I. males don't get pregnant (less missed work, $$$)

II. males don't generally deal with the children, wifey does (again, less missed work)

III. males in general are stronger, we can do more (aka the human forklift)

IV. relates to the strength thing again, less employee lifting/moving injuries and patient injuries (don't drop a patient)

V. males don't have the goods women do (uti, pap, mammo, etc), so we miss less work due to doc visits

3. STEREOTYPES OF MALE NURSES

too many guys seem to worry about these (mainly the 1st one), who cares

a. gay, if you're gay great, if not get over it if someone thinks you're gay just because you're a nurse

I. most of the "are you gay" stuff i've run into, is either from a gay guy asking me or a women as her subtle way of saying i'm ok in her eyes, either way it's flattering

b. too dumb to be a doc, they're probably right, lol (they clearly don't know many doc's)

c. nursing isn't a calling for a male, it's just a job (probably right again, haha)

d. you're a doc (just because i'm a male taking care of patients doesn't mean i'm a doc, i just play one on tv, lol)

e. womanizer or whatever you wanna call it, being a man (women don't seem to compute this a much as guys do, working with 90% women speaks for itself)

III. males in general are stronger, we can do more (aka the human forklift)

Ding ding ding! We have a winner.

In my previous life (prior to nursing school), I worked in HR for a mental health hospital. The Nurse Manager was always asking me to try to get male nurses. Mostly because they tend to be stronger.

Of course as the HR person responsible for discrimination law compliance, I couldn't overtly announce that we preferred men..... but we did.

Kind of sexist, hahaha.

I know plenty of women stronger than me ^.^:p.
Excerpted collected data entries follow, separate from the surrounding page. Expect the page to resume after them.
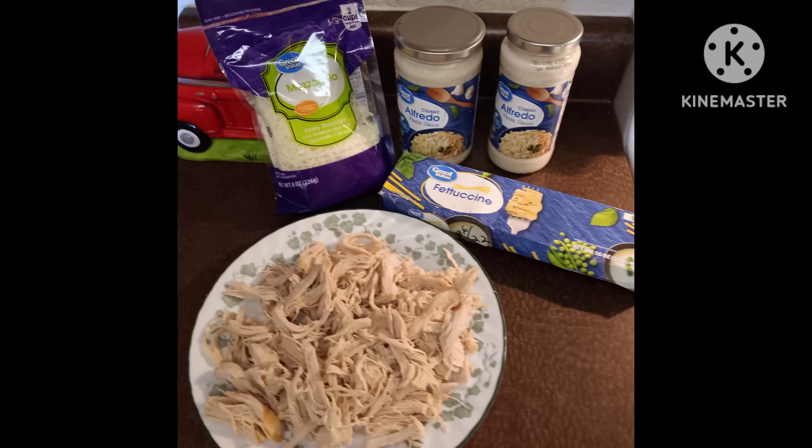Hi guys, it's Carol. How are you? Today for lunch, both my daughters Becky and Casey were going to be here with me, and my two youngest grandkids, Rhett and Taylor, and I decided I wanted to try making fettuccine alfredo with broccoli.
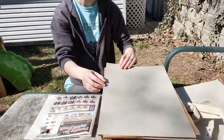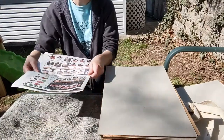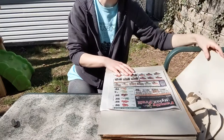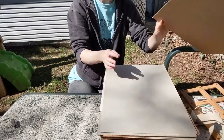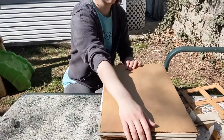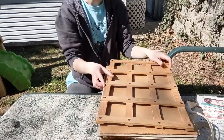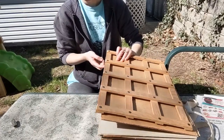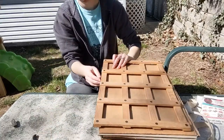You want to sandwich it: a piece of cardboard, a piece of blotting paper, your newspaper with the plant, another piece of blotting paper, followed by another piece of cardboard. Those will all get nicely stacked up and into the press. If you're using books, you do the same sandwiching method — cardboard, blotting paper, plant, blotting paper, cardboard — and stack some books over top. Don't forget your label.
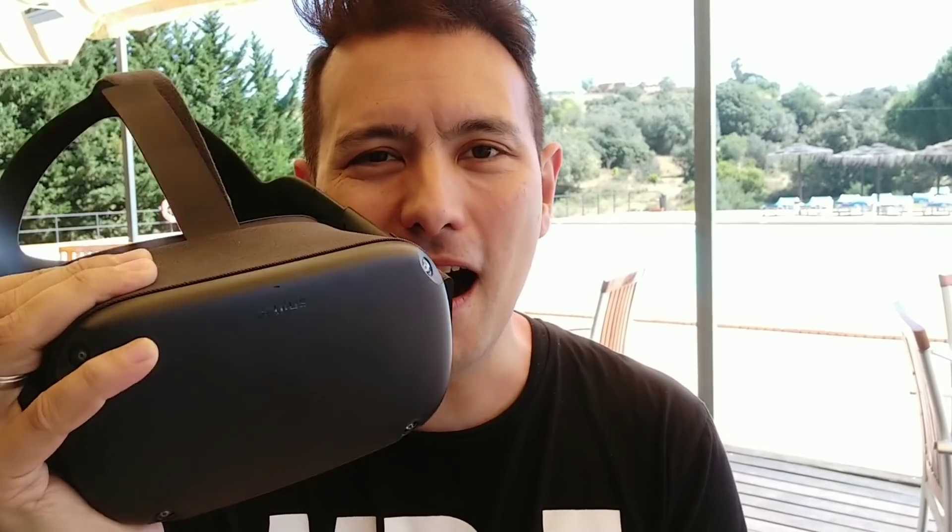My name is Sebastian Ang. If this is your first time here and you're just as excited about VR and AR as me, then subscribe now and click the bell button so you don't miss any of my upcoming Oculus Quest videos. There will still be quite a lot. Alright, let's directly delve into today's topic: the Oculus Quest displays.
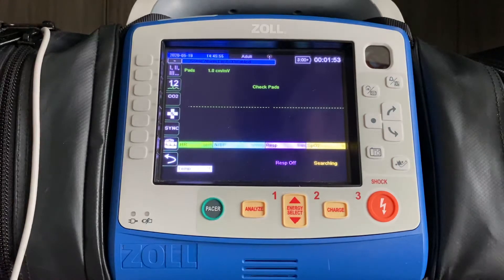The perfusion index is going to tell the provider whether or not the finger they have chosen to put the finger probe on is perfusing properly, and make them aware of whether or not the other values on the screen that they see are legitimate or not.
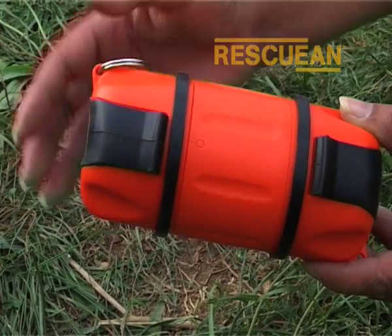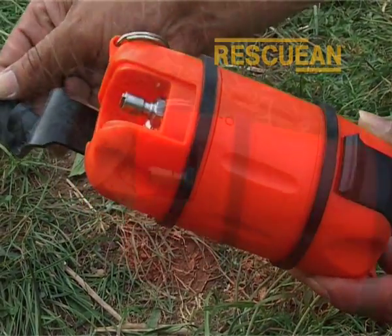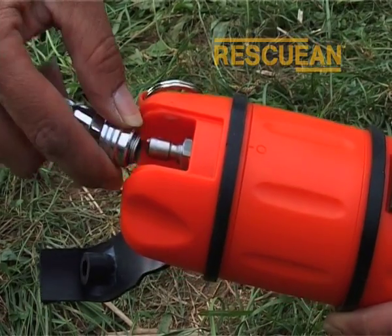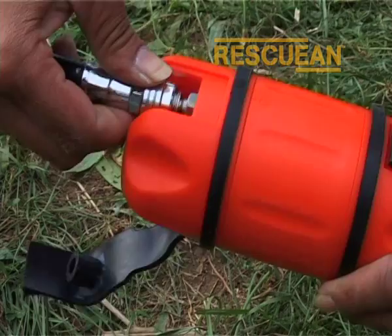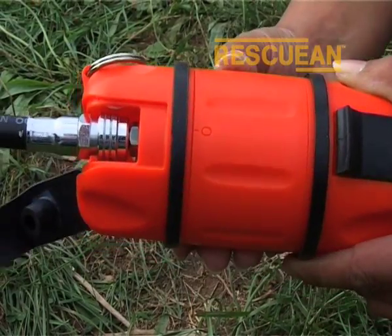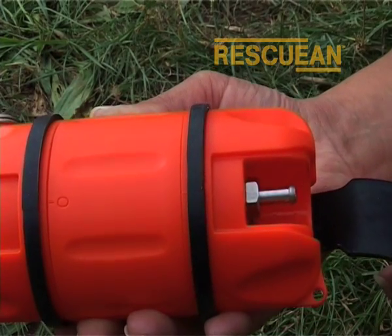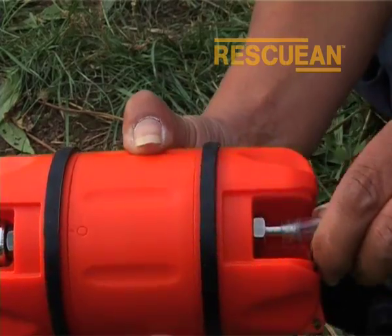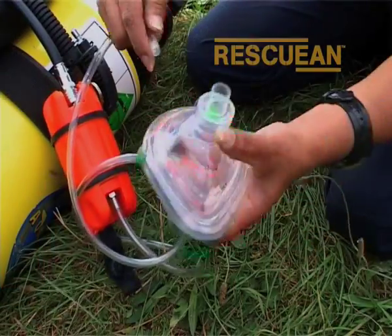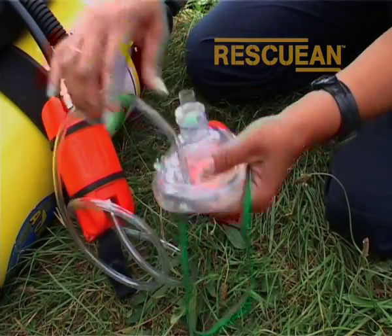The pod is simple, effective, and quick to set up in an emergency. Simply flip open the rubber cover from the top of the pod and connect the low pressure hose to the standard nipple. Move to the base of the unit and open the bottom rubber cover. Connect the tubing to the tapered outlet nozzle, then connect the other end of the tubing to the O2 inlet on the oro-nasal mask.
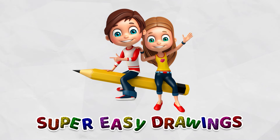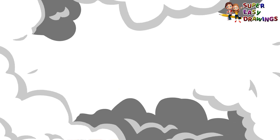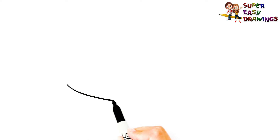Super Easy Drawings. Hello kids, welcome on Super Easy Drawings channel. Today, I am going to show you how to draw a hat, step by step. Let's start drawing!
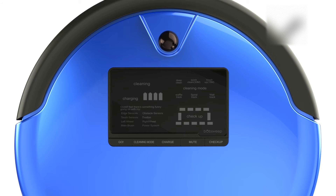Bob is equipped with six cleaning modes: Deep Clean, Quick Clean, Touch Up, Waffle Track, Spiral Track, and Wall Track.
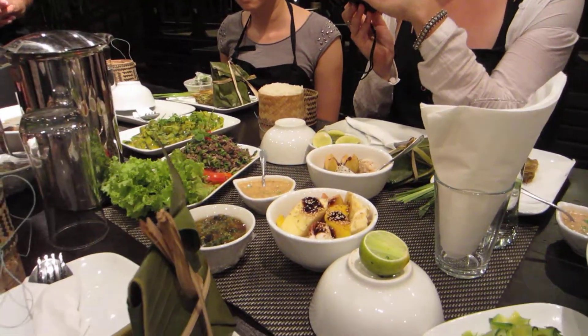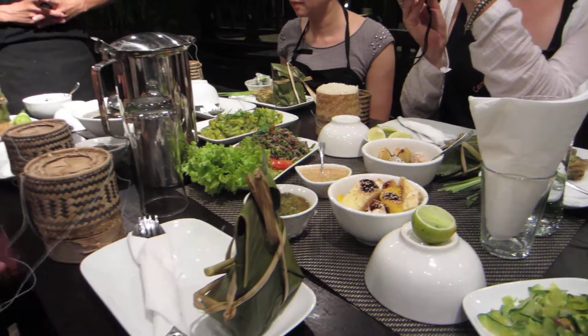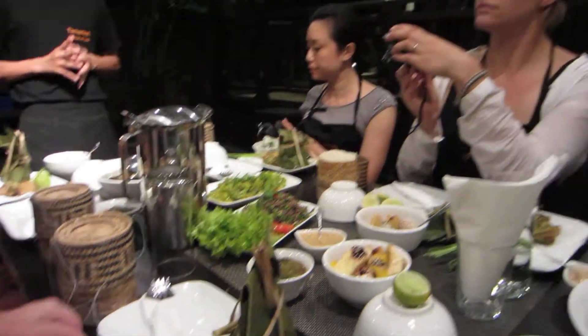This is lemongrass chicken — inside the lemongrass we eat only the chicken. The lemongrass you can chew just for the flavor only. And mostly everything we go with sticky rice.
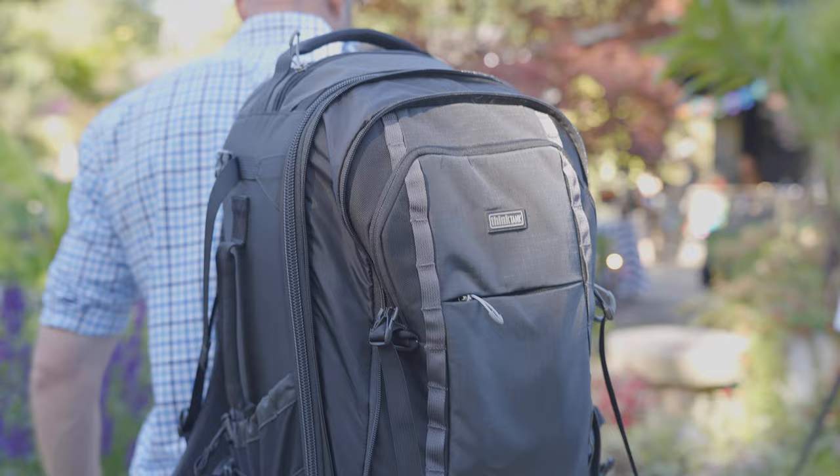We absolutely love this bag. In general, we're crazy about Think Tank just because they make organization very simple for David Dismanat Photography and Media Unlocked when we're going on set. Being organized, having control of all your equipment coming in and out of your bag, knowing exactly where everything is — that's extremely important because we only have so much time to set up, break down, and get the shot. We need to know where everything is and how to get to it. We absolutely love the Think Tank bags, specifically this First Light 35L.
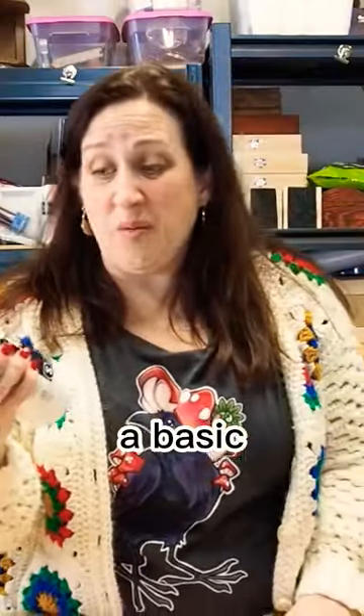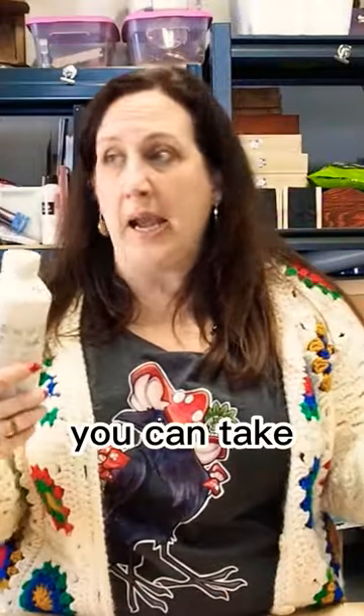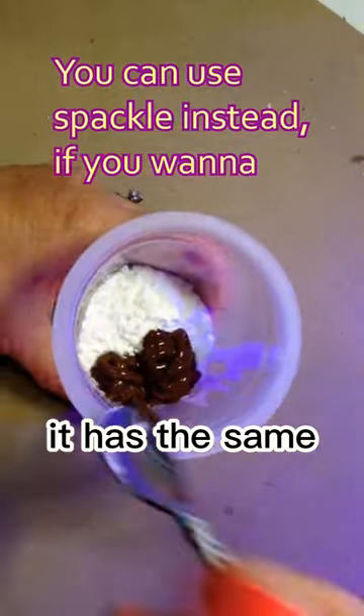Where I live, even a basic bottle of gesso goes for about 20 bucks. If you want to DIY your own gesso at home, you can take any acrylic paint. What I do is I just put in cornstarch, which I realize is not a mineral, but it has the same effect — trust me.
The average human male is stronger than the average female. Fact of nature.

So here I am doing my clinicals in ER as an EMT-basic student, shadowing a tech. He takes a 20 minute break and within 60 seconds I get my muscles volunteered to transfer a patient being discharged from wheelchair to car. Now I gotta say that I'm 50, not in firefighter shape by any means and this nurse could kick my butt around the block so I do a double-take :wideyed: and then hop right on it.

I take the position that I'm there to help no matter what form that help takes; that's my story and I'm sticking to it!